• [WHAT YOU HAVE TO DO]: Copy the full listing, changing nothing.

• [EXERCISE DATA]:
=======
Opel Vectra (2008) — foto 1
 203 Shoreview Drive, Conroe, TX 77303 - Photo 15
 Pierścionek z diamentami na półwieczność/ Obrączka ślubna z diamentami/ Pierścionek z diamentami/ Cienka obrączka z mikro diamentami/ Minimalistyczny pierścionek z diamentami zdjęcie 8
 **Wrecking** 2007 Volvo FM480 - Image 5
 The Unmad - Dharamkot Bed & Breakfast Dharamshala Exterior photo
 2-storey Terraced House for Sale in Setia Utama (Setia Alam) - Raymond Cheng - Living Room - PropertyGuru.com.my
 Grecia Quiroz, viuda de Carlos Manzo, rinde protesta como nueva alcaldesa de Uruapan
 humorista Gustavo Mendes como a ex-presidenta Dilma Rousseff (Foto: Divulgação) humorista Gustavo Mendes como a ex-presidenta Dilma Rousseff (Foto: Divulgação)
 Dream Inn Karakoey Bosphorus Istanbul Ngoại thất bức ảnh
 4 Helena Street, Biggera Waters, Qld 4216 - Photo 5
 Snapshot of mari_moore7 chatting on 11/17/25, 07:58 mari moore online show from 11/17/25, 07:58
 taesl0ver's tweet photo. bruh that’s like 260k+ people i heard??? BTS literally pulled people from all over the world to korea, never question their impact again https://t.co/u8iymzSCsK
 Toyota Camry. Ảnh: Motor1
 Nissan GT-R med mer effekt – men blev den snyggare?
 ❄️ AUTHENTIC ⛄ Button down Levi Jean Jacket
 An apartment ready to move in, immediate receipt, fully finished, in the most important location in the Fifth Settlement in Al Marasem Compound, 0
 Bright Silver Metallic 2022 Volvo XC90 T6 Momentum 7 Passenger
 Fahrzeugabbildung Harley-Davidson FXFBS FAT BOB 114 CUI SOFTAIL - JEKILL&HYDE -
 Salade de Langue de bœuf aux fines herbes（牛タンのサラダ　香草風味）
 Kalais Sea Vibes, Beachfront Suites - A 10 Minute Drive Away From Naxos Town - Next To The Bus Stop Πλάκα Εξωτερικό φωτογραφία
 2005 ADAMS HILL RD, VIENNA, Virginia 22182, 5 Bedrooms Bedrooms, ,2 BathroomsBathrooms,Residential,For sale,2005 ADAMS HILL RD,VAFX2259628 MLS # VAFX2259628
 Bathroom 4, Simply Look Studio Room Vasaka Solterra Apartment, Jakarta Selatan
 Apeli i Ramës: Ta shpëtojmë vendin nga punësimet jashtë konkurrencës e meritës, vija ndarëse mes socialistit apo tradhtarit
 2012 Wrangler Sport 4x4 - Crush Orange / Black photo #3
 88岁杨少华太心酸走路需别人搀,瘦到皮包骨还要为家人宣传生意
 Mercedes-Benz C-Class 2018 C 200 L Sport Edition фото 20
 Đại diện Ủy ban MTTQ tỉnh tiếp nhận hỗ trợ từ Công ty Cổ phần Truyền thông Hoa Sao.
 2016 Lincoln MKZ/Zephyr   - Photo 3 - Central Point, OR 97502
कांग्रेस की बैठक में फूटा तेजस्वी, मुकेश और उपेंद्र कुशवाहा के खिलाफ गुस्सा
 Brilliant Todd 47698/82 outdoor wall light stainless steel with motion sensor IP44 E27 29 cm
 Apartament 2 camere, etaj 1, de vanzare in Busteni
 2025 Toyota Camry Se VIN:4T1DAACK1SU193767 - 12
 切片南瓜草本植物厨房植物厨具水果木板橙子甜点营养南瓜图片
=======
• [EXPECTED ANSWER]:
Opel Vectra (2008) — foto 1
 203 Shoreview Drive, Conroe, TX 77303 - Photo 15
 Pierścionek z diamentami na półwieczność/ Obrączka ślubna z diamentami/ Pierścionek z diamentami/ Cienka obrączka z mikro diamentami/ Minimalistyczny pierścionek z diamentami zdjęcie 8
 **Wrecking** 2007 Volvo FM480 - Image 5
 The Unmad - Dharamkot Bed & Breakfast Dharamshala Exterior photo
 2-storey Terraced House for Sale in Setia Utama (Setia Alam) - Raymond Cheng - Living Room - PropertyGuru.com.my
 Grecia Quiroz, viuda de Carlos Manzo, rinde protesta como nueva alcaldesa de Uruapan
 humorista Gustavo Mendes como a ex-presidenta Dilma Rousseff (Foto: Divulgação) humorista Gustavo Mendes como a ex-presidenta Dilma Rousseff (Foto: Divulgação)
 Dream Inn Karakoey Bosphorus Istanbul Ngoại thất bức ảnh
 4 Helena Street, Biggera Waters, Qld 4216 - Photo 5
 Snapshot of mari_moore7 chatting on 11/17/25, 07:58 mari moore online show from 11/17/25, 07:58
 taesl0ver's tweet photo. bruh that’s like 260k+ people i heard??? BTS literally pulled people from all over the world to korea, never question their impact again https://t.co/u8iymzSCsK
 Toyota Camry. Ảnh: Motor1
 Nissan GT-R med mer effekt – men blev den snyggare?
 ❄️ AUTHENTIC ⛄ Button down Levi Jean Jacket
 An apartment ready to move in, immediate receipt, fully finished, in the most important location in the Fifth Settlement in Al Marasem Compound, 0
 Bright Silver Metallic 2022 Volvo XC90 T6 Momentum 7 Passenger
 Fahrzeugabbildung Harley-Davidson FXFBS FAT BOB 114 CUI SOFTAIL - JEKILL&HYDE -
 Salade de Langue de bœuf aux fines herbes（牛タンのサラダ　香草風味）
 Kalais Sea Vibes, Beachfront Suites - A 10 Minute Drive Away From Naxos Town - Next To The Bus Stop Πλάκα Εξωτερικό φωτογραφία
 2005 ADAMS HILL RD, VIENNA, Virginia 22182, 5 Bedrooms Bedrooms, ,2 BathroomsBathrooms,Residential,For sale,2005 ADAMS HILL RD,VAFX2259628 MLS # VAFX2259628
 Bathroom 4, Simply Look Studio Room Vasaka Solterra Apartment, Jakarta Selatan
 Apeli i Ramës: Ta shpëtojmë vendin nga punësimet jashtë konkurrencës e meritës, vija ndarëse mes socialistit apo tradhtarit
 2012 Wrangler Sport 4x4 - Crush Orange / Black photo #3
 88岁杨少华太心酸走路需别人搀,瘦到皮包骨还要为家人宣传生意
 Mercedes-Benz C-Class 2018 C 200 L Sport Edition фото 20
 Đại diện Ủy ban MTTQ tỉnh tiếp nhận hỗ trợ từ Công ty Cổ phần Truyền thông Hoa Sao.
 2016 Lincoln MKZ/Zephyr   - Photo 3 - Central Point, OR 97502
कांग्रेस की बैठक में फूटा तेजस्वी, मुकेश और उपेंद्र कुशवाहा के खिलाफ गुस्सा
 Brilliant Todd 47698/82 outdoor wall light stainless steel with motion sensor IP44 E27 29 cm
 Apartament 2 camere, etaj 1, de vanzare in Busteni
 2025 Toyota Camry Se VIN:4T1DAACK1SU193767 - 12
 切片南瓜草本植物厨房植物厨具水果木板橙子甜点营养南瓜图片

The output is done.